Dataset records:
•••••
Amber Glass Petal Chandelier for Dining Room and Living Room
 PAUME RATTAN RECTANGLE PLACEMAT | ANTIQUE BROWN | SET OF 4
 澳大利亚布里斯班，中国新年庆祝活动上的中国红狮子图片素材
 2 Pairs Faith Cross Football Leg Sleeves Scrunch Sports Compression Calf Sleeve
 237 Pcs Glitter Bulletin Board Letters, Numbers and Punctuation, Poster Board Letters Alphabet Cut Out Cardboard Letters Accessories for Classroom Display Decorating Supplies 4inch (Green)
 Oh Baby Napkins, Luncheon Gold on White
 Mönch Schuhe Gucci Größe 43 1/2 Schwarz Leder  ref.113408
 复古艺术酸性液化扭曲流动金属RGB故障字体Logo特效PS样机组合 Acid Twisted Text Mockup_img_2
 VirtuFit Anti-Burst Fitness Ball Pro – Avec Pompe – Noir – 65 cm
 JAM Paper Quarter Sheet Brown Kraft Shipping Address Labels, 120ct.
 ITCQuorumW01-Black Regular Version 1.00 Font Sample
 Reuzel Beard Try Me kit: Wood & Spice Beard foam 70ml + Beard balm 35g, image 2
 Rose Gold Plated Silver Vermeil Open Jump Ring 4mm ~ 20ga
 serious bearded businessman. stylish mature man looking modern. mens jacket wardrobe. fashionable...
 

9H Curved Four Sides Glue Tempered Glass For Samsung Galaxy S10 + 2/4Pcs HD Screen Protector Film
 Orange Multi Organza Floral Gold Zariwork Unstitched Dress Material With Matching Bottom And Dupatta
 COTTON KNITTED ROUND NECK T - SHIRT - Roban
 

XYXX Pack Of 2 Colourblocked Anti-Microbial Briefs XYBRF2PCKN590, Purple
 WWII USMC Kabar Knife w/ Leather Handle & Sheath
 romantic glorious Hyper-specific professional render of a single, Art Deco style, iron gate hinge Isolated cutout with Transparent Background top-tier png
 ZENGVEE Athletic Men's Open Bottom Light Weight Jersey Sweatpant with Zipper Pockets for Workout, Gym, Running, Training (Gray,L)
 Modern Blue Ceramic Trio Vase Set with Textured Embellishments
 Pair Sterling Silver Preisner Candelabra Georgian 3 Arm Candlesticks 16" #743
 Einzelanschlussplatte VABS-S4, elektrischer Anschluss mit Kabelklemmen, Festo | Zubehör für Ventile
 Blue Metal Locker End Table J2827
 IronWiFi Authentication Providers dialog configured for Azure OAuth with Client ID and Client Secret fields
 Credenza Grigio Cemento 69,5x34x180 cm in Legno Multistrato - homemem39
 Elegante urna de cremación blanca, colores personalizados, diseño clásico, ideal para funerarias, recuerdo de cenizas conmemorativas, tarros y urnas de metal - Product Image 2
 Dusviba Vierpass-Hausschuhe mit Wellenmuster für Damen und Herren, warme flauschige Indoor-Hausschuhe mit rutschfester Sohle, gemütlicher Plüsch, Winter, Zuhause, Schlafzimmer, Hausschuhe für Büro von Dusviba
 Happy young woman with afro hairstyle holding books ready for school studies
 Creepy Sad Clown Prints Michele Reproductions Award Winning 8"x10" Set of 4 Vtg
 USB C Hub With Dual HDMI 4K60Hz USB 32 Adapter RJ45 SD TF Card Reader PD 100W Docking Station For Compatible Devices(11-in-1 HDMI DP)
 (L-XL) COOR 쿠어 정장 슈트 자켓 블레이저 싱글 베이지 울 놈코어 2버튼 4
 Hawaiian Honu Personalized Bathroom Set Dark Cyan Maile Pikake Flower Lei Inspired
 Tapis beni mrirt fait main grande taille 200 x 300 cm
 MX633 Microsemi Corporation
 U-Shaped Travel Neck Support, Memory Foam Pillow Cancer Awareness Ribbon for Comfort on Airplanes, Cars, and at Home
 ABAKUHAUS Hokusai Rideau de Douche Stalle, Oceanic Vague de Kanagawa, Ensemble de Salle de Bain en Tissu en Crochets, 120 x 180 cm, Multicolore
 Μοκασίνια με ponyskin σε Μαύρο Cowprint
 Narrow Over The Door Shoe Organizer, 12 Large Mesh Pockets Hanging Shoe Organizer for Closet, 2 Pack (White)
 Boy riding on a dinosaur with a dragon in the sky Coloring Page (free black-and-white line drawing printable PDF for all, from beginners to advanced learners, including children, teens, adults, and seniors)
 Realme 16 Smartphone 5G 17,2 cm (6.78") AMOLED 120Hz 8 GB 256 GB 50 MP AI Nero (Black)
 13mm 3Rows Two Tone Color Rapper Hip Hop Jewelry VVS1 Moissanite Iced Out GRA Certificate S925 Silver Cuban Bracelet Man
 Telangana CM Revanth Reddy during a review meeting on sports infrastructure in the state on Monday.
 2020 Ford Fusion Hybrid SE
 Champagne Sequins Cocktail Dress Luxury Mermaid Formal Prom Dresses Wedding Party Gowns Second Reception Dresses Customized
•••••
> [TASK REQUIREMENTS] Take the entries above and return only the lines from the one with "U-Shaped Travel Neck" to the one with "Μοκασίνια με ponyskin σε Μαύρο Cowprint", both included, unchanged.

> [RESPONSE AREA]
 U-Shaped Travel Neck Support, Memory Foam Pillow Cancer Awareness Ribbon for Comfort on Airplanes, Cars, and at Home
 ABAKUHAUS Hokusai Rideau de Douche Stalle, Oceanic Vague de Kanagawa, Ensemble de Salle de Bain en Tissu en Crochets, 120 x 180 cm, Multicolore
 Μοκασίνια με ponyskin σε Μαύρο Cowprint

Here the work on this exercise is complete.